LUCK, LANDLINES, & LUMINARIES
The Type Books reading list for August 2014
California by Edan Lepucki
The debut novelist’s near-future tale of a couple trying to figure out who to trust in the “afterlife” is riding high on summer reading lists thanks to its recent Colbert Bump.Elizabeth Is Missing by Emma Healey
Touted as Gillian Flynn meets Kate Atkinson, this debut novel about 90-year-old Maud has delighted critics and readers alike and has summer read stamped all over it.
Eyrie by Tim Winton
A man struggles to be good in a fallen world in the latest from Australia’s most beloved literary novelist.
Friendship by Emily Gould
Oversharer extraordinaire explores the familial bonds of thirty-ish female friendship in this smartly observed debut novel.
Landline by Rainbow Rowell
Eleanor & Park author returns to adult fiction with a heart-wrenching story of love, marriage, and a magic telephone…
Lucky Us by Amy Bloom
Two women journey through 1940s America in search of fame and fortune in this highly anticipated follow up to the critically lauded Away.
The Luminaries by Eleanor Catton
For those of you who’ve been waiting for a more portable way to dive in to this brilliant Booker winner, we’re happy to report that the novel is now available in paperback (though, yes, it’s still a whopper).
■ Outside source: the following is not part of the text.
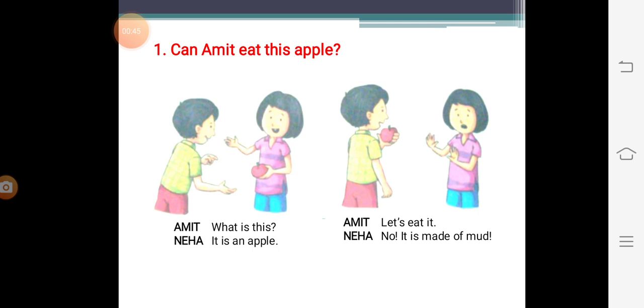So can Amit eat this apple? Can we eat anything which is made of mud? No, we cannot eat anything which is made of mud.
The Silent History by Eli Horowitz, Matthew Derby, and Kevin Moffett
What started as a bold storytelling experiment, serially published as an award-winning app, is now available in ye olden print-and-paper form.
KIDS' PICTURE BOOKS
Julia, Child by Kyo Maclear, illus. by Julie Morstad
A girl with a flair for food prep teaches some grown-ups about taking it easy.
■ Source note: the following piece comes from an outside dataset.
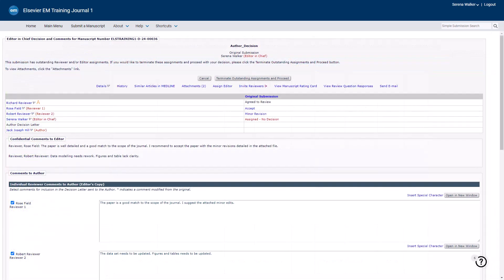You're now on the editor decision form, which may vary by journal and role. If you see the Terminate Outstanding Assignments and Proceed button at the top and bottom of this page, it means there are still pending reports from reviewers or recommendations from subordinate editors. You need to terminate the pending items or wait for them to be submitted before you can finalize your decision. If you don't have permission to terminate these assignments, you can only enter comments and save your progress, but you won't be able to complete or submit your decision until the other tasks are finished.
Superfab Saves The Day by Jean Leroy and Berengere Delaporte
Sartorially savvy bunny to the rescue! Once he’s decided what super-bunny outfit to wear for the occasion, that is.
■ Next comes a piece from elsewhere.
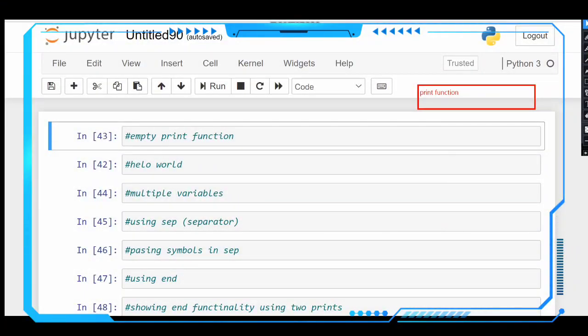Hi friends, welcome to Success Learners channel. This is Sai Balaji and today we are going to see about the print function. What is the print function? The print function is a built-in function in Python that allows the user to write on the output console. Let us see one by one the operations performed by the print function and how it works.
Work: An Occupational ABC by Kellen Hatanaka
An alphabetical tour of the coolest jobs around, with awesome illustrations on every page.
The Shadow Hero by Gene Luen Yang & Sonny Liew
The first Asian-American Superhero, the Green Turtle, was blink-and-you-miss-him in the 1940s. Now he’s back, in a rich, funny comic book for teens.
Popular by Maya Van Wagenan
A shy teen follows a 1950s popularity guide and makes some surprising discoveries about what constitutes "cool." This New York Times bestselling how-to-survive-middle-school memoir is must-read back-to-school material.